■ TASK DESCRIPTION: Would you please set down, word for word, the lines from the one with "Жеке үй · 5" through the final line of the data below, omitting any pictures?

■ GIVEN MATERIAL:
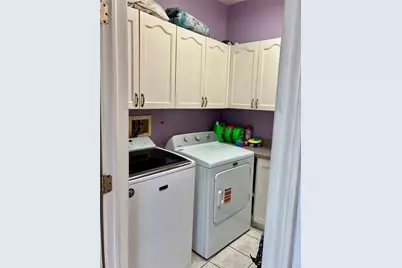 620 34th Street N, Texas City, TX 77590 - Photo 23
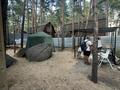 Жеке үй · 5 бөлме · 160 м², Восточный берег озера Щучье территория, 2, бағасы: 75 000 ₸ в Щучинске — фото 20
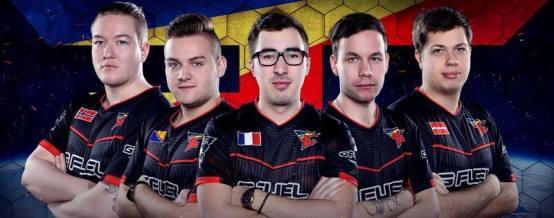 最终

■ RESPONSE TO THE EXERCISE:
 Жеке үй · 5 бөлме · 160 м², Восточный берег озера Щучье территория, 2, бағасы: 75 000 ₸ в Щучинске — фото 20
 最终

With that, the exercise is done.